--- START ---
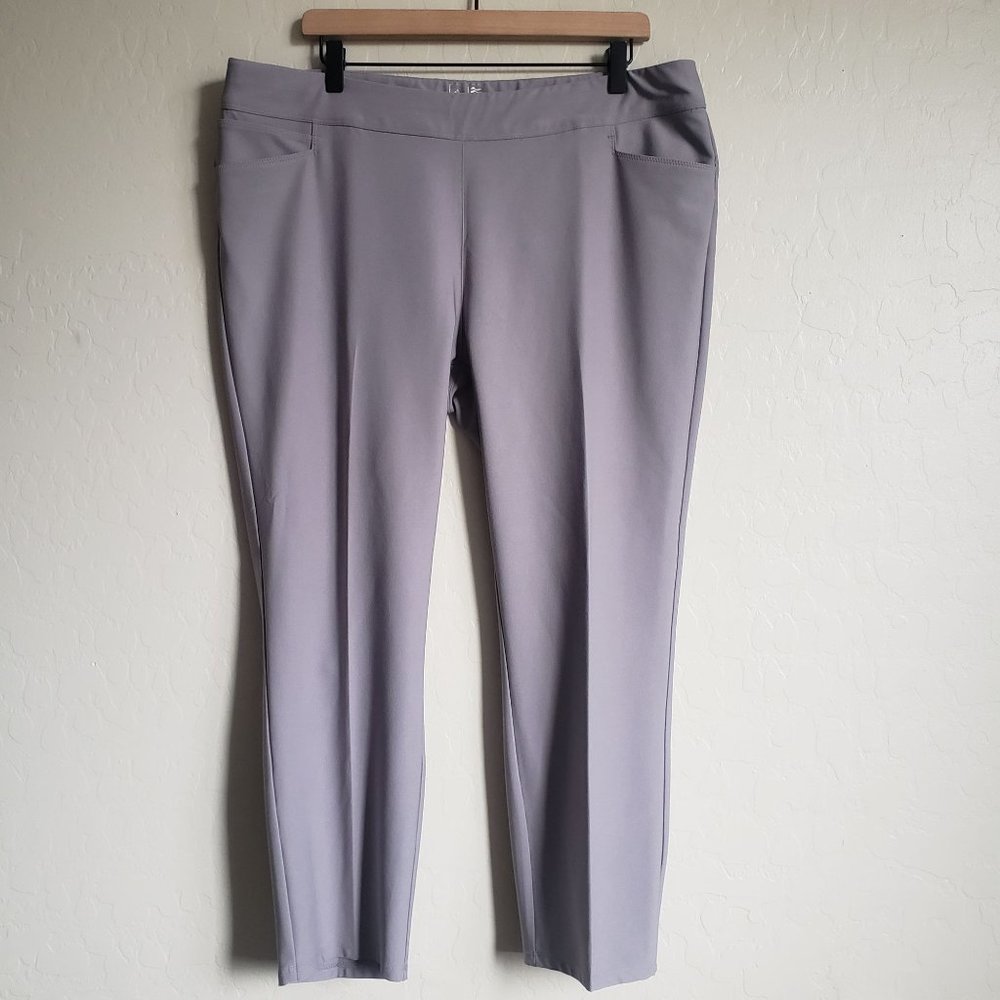 Adidas Golf Adistar Pull-On Ankle Pants Stretch Lightweight Grey Size Women's XL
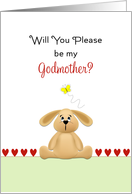 Be My Godmother Christening/Baptism Greeting Card-Bunny-Butterfly card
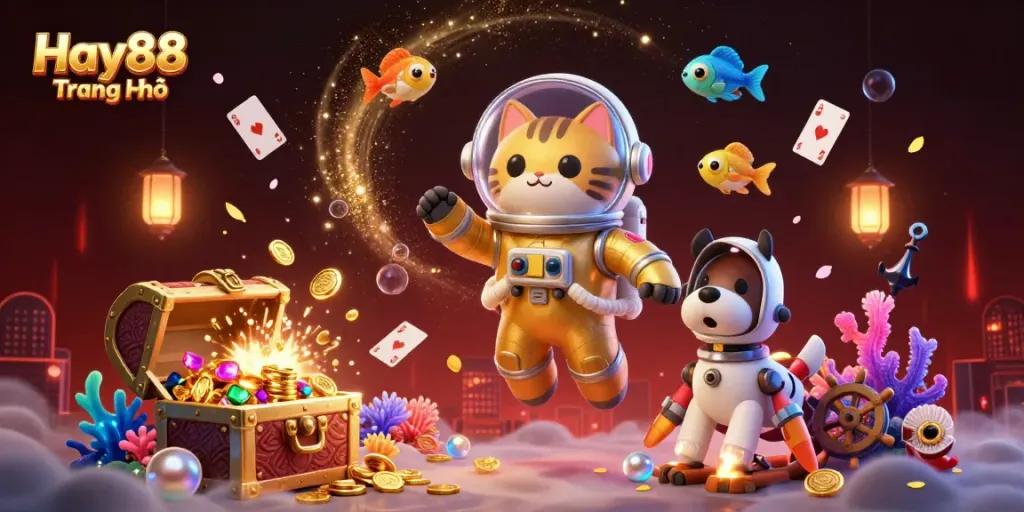 Experience thrilling gameplay with Hay88 Trang Chủ's vibrant alien casino scene featuring an astronaut cat and rich treasures.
--- END ---
Each line above should be written out again exactly, without any image.

 Adidas Golf Adistar Pull-On Ankle Pants Stretch Lightweight Grey Size Women's XL
 Be My Godmother Christening/Baptism Greeting Card-Bunny-Butterfly card
 Experience thrilling gameplay with Hay88 Trang Chủ's vibrant alien casino scene featuring an astronaut cat and rich treasures.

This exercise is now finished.